Angela Merkel faces her political high noon on Sunday with long-delayed coalition talks in a bid to dodge fresh elections and a second voter drubbing.
Some 105 days after leading her Christian Democratic Union (CDU) to its worst election result in 68 years, Merkel on Sunday heads for talks at the headquarters of the centre-left Social Democratic Party (SPD).
Under the beady gaze of Willy Brandt, the late SPD legend who guards the party building now as an oversized statue, Merkel’s bid for a fourth term is a tense high-wire act with four separate unknowns to carry as she goes.
The first: Merkel will need to offer substantial concessions to win over SPD leader Martin Schulz. He wanted to rebuild his party in opposition after his own election meltdown but was urged to at least hold exploratory talks with Merkel.
Given that, the SPD will sell its support only at a high price: greater spending on welfare and infrastructure, health reform and greater readiness to back French euro reform plans.
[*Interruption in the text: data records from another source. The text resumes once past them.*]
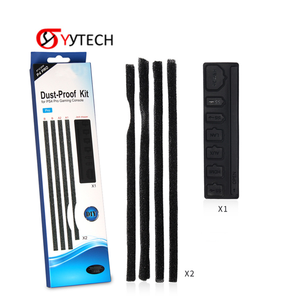 SYYTECH-cubierta de prevención para consola de juegos PlayStation 4, accesorios para <span class=keywords><strong>PS4</strong></span> <span class=keywords><strong>Pro</strong></span> - Product Image 1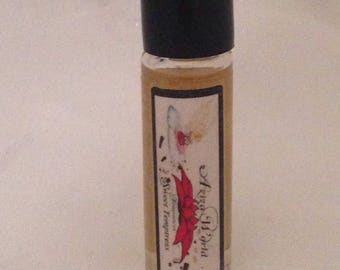 Sweet Temptress Roll on Oil, Gourmand perfume, with Tonka bean, ambrosia, chocolate, vanilla, cotton candy perfume, handmade perfume oil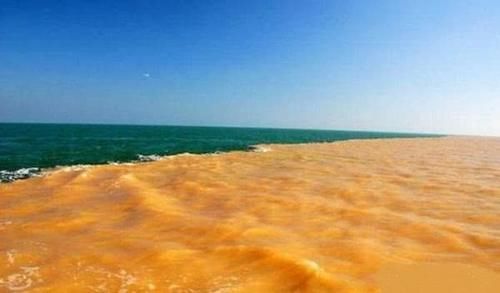  「变化」黄河每年走16亿吨泥沙，最终会把“渤海”填平吗？看看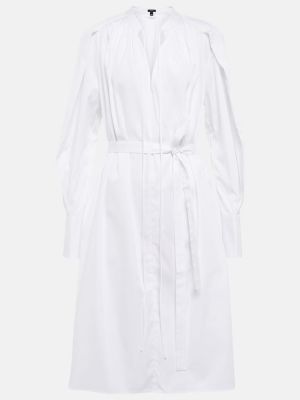 Sukienka midi bawełniana Joseph biała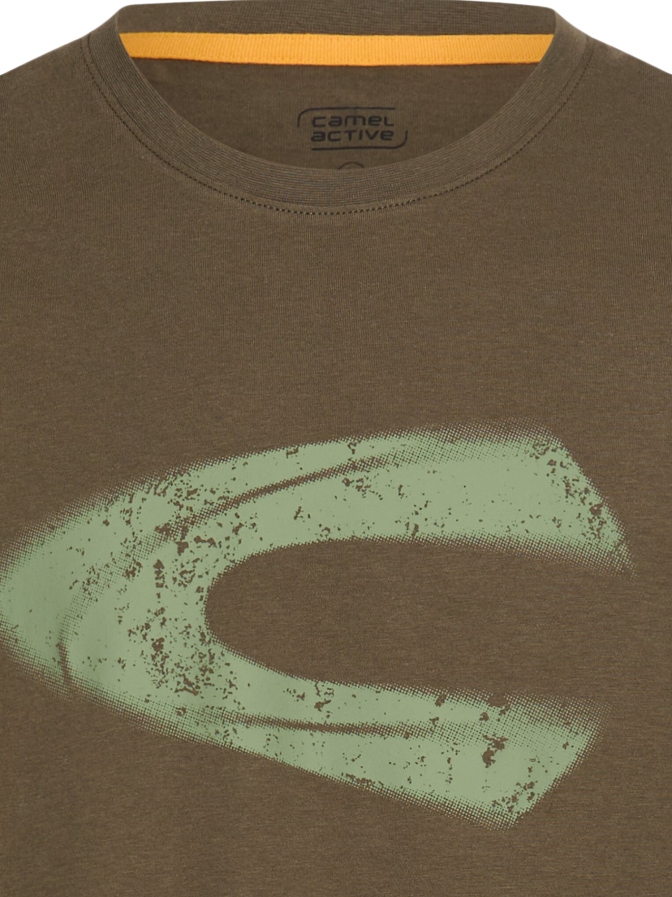 camel active T-Shirt mit Logoprint bei Robert Ley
"In education, health, and old-age care and much more, we are not a modern land," said Schulz on Friday to the Bild tabloid.
But those SPD plans, and a call to finance relief for small and medium incomes with taxes on top earners, are as unpopular with the Merkel camp as an SPD demand to consolidate Germany’s two-tier health insurance system into one fund, paid into by all.
Then there is Europe: Merkel and her CDU allies do not share SPD enthusiasm for all of French EU reform proposals, particularly those seen as a burden on German taxpayers.
A second unknown for Merkel: how much she can give the SPD without getting backs up in her own party?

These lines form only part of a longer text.